[Dataset excerpts]
*** Block opens ***

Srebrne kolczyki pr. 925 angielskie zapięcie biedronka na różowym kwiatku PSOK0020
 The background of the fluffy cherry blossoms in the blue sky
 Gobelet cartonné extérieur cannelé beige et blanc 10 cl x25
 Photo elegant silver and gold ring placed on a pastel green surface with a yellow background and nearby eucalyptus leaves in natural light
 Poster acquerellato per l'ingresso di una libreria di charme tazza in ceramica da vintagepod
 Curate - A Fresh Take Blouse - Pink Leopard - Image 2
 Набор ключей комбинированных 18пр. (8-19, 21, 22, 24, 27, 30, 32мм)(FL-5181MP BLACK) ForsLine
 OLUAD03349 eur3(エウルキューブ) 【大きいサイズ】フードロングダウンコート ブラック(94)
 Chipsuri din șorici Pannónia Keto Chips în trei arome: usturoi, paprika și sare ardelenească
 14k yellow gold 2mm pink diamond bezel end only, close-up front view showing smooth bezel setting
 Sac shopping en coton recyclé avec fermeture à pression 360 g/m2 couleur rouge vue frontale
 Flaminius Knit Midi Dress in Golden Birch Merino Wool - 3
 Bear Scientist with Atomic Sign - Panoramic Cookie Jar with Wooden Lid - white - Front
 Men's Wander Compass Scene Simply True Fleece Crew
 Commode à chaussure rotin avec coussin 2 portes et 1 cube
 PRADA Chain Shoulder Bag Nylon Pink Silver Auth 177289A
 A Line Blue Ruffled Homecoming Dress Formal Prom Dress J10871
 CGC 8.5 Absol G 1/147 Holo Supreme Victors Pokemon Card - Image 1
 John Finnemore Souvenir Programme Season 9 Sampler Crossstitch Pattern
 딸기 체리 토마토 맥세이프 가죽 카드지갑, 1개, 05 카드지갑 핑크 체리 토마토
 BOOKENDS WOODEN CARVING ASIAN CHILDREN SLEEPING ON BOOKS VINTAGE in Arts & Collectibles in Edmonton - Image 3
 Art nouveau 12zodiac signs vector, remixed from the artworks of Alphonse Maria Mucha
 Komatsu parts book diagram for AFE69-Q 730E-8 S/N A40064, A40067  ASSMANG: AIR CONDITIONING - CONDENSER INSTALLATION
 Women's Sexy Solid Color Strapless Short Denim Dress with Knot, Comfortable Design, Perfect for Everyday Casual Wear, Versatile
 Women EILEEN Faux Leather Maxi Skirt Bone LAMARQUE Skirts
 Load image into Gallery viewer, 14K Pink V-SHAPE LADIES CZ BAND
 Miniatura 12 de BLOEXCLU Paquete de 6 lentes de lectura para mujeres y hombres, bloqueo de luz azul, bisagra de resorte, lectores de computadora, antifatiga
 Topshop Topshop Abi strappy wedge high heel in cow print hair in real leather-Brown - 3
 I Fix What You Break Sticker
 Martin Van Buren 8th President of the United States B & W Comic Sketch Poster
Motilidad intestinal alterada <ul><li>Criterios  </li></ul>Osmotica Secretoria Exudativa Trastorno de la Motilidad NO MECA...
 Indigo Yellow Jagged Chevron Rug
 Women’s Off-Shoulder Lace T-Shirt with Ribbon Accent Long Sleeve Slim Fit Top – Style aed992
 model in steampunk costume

*** Block closes ***

Within the data above, the lines from the one with "Sac shopping en" to the one with "Miniatura 12 de" must be repeated exactly; no other line belongs in the answer.

 Sac shopping en coton recyclé avec fermeture à pression 360 g/m2 couleur rouge vue frontale
 Flaminius Knit Midi Dress in Golden Birch Merino Wool - 3
 Bear Scientist with Atomic Sign - Panoramic Cookie Jar with Wooden Lid - white - Front
 Men's Wander Compass Scene Simply True Fleece Crew
 Commode à chaussure rotin avec coussin 2 portes et 1 cube
 PRADA Chain Shoulder Bag Nylon Pink Silver Auth 177289A
 A Line Blue Ruffled Homecoming Dress Formal Prom Dress J10871
 CGC 8.5 Absol G 1/147 Holo Supreme Victors Pokemon Card - Image 1
 John Finnemore Souvenir Programme Season 9 Sampler Crossstitch Pattern
 딸기 체리 토마토 맥세이프 가죽 카드지갑, 1개, 05 카드지갑 핑크 체리 토마토
 BOOKENDS WOODEN CARVING ASIAN CHILDREN SLEEPING ON BOOKS VINTAGE in Arts & Collectibles in Edmonton - Image 3
 Art nouveau 12zodiac signs vector, remixed from the artworks of Alphonse Maria Mucha
 Komatsu parts book diagram for AFE69-Q 730E-8 S/N A40064, A40067  ASSMANG: AIR CONDITIONING - CONDENSER INSTALLATION
 Women's Sexy Solid Color Strapless Short Denim Dress with Knot, Comfortable Design, Perfect for Everyday Casual Wear, Versatile
 Women EILEEN Faux Leather Maxi Skirt Bone LAMARQUE Skirts
 Load image into Gallery viewer, 14K Pink V-SHAPE LADIES CZ BAND
 Miniatura 12 de BLOEXCLU Paquete de 6 lentes de lectura para mujeres y hombres, bloqueo de luz azul, bisagra de resorte, lectores de computadora, antifatiga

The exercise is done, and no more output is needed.